Enquanto isso, em cada bairro avança o narcotráfico e a violência social que engole a vida de nossas crianças, enquanto isso se aprofunda a luta de pobres contra pobres, bem refletida no esclarecedor documento da FAU de 2010 “Fragmentação e a nova pobreza”. Paralelamente nos locais de trabalho, para além da constante -e exaustiva- luta pela reabertura das paridades, prevê-se um cenário de demissões e suspensões, no quadro de um ajustamento exigido pelas câmaras patronais, que tem como um corolário uma reforma trabalhista.

Independentemente do que aconteça nesta eleição, na próxima, em cada eleição, será fundamental redobrar os esforços militantes dos setores ou correntes que, de uma forma ou de outra, anseiam por uma sociedade sem opressores ou oprimidos. A energia deve ser colocada a serviço da resistência organizada. O resto é continuar esquivando-se do problema de fundo e cair naquele “curral de galhos” que são as eleições, como gostava de chamar o velho Mechoso. Devemos humildemente constatar que a única saída é fortalecer as organizações populares, com as quais em cada período da história conquistamos as principais reivindicações populares e freamos as diversas tentativas de retirada de direitos e reajustes. Esta estratégia marcará, a longo prazo, o avanço para um processo de ruptura revolucionária, contra um sistema de opressão que não se salva nem remenda, nem com mais mil eleições.
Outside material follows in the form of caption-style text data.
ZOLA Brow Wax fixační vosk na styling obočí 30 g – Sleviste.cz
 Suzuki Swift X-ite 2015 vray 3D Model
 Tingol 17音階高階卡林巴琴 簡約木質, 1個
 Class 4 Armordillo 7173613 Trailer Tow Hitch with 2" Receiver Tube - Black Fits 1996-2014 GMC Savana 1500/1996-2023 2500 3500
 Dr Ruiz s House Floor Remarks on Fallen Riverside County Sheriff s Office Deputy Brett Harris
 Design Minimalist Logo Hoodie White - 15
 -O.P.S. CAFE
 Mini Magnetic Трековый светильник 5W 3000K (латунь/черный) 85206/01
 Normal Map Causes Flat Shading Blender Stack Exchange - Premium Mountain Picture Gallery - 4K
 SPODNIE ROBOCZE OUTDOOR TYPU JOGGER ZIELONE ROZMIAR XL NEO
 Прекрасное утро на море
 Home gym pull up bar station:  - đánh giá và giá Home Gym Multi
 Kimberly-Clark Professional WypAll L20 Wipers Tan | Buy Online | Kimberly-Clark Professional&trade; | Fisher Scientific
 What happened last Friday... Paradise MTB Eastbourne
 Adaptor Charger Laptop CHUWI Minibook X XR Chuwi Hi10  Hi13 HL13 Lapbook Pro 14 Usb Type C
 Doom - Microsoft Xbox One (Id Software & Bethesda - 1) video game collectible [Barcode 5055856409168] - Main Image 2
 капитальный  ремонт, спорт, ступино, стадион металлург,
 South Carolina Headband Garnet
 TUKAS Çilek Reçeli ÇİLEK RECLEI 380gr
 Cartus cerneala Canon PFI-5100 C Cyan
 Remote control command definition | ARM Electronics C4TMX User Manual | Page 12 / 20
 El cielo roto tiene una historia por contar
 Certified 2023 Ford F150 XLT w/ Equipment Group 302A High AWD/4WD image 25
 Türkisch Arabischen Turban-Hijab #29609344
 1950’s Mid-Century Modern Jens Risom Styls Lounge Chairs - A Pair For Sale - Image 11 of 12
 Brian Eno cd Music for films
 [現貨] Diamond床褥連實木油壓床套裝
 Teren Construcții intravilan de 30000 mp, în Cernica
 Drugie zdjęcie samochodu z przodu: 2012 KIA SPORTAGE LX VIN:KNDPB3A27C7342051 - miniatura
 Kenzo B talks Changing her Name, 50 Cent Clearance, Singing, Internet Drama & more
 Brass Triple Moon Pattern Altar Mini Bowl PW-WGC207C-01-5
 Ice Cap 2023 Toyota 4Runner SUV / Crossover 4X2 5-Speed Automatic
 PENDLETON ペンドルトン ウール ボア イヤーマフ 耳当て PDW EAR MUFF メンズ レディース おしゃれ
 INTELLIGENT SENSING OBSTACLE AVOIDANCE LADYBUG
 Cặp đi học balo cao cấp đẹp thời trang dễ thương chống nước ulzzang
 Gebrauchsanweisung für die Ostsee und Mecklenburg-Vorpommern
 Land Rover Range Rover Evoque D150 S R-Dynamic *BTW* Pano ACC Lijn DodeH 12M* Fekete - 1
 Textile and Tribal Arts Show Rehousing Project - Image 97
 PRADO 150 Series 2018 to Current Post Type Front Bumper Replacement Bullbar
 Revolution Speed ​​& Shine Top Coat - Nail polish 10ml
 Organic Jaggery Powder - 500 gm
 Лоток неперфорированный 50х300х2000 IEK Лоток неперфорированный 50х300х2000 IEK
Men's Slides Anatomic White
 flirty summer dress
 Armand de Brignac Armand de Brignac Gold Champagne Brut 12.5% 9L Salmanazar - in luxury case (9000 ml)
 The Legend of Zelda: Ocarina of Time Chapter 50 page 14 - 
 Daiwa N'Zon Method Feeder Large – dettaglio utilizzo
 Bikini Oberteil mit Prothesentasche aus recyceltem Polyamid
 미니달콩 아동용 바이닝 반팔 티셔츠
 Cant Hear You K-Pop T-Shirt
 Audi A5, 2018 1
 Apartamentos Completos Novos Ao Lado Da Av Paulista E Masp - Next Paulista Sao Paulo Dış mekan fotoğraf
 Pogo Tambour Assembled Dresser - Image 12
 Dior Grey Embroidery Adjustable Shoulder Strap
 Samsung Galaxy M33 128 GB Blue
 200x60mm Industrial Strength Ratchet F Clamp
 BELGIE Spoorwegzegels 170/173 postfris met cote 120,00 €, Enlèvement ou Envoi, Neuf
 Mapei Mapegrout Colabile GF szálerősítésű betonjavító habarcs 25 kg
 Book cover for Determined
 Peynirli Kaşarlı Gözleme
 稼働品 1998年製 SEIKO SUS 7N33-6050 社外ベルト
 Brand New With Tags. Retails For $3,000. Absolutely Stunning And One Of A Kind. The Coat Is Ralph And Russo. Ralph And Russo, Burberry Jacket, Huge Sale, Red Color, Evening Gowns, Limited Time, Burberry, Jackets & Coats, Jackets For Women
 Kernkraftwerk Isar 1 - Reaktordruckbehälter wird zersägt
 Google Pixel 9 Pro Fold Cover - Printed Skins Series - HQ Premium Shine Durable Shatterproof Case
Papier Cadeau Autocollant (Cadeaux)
No curto prazo, é fundamental levar para a rua as lutas salariais, pelas condições de trabalho, em defesa dos empregos, por melhores condições de vida nos bairros. Recentemente houve greves da UOM – Unión Obrera Metalúrgica, dos trabalhadores da saúde, do estado, dos motoristas da UTA – Unión Tranviarios Automotor. A solidariedade com este tipo de conflito é fundamental. Também é preciso, a partir da luta, cortar o vínculo entre os dirigentes sindicais estagnado com o aparato eleitoral –em geral massista- que vem postergando a ação direta, em favor de uma trégua autodestrutiva para os de baixo. É prioritário criar um “clima de revolta” dada a gravidade do que realmente está acontecendo lá embaixo. Por muito menos se saiu para protestar contra a Aliança ou Macri. “Esperar o novo governo” é, em última análise, hipotecar a resistência, quando já é tarde e os setores dominantes têm força e legitimidade para esmagar a luta popular. A solidariedade com os conflitos sindicais, comunitários e sociais, oferecendo um quadro multissetorial ou intersindical, promoverá a articulação para enfrentar esse ajuste e preparar o terreno para o que vem em dezembro, que certamente será o aprofundamento daquilo que marca os interesses da classe dominante e do FMI.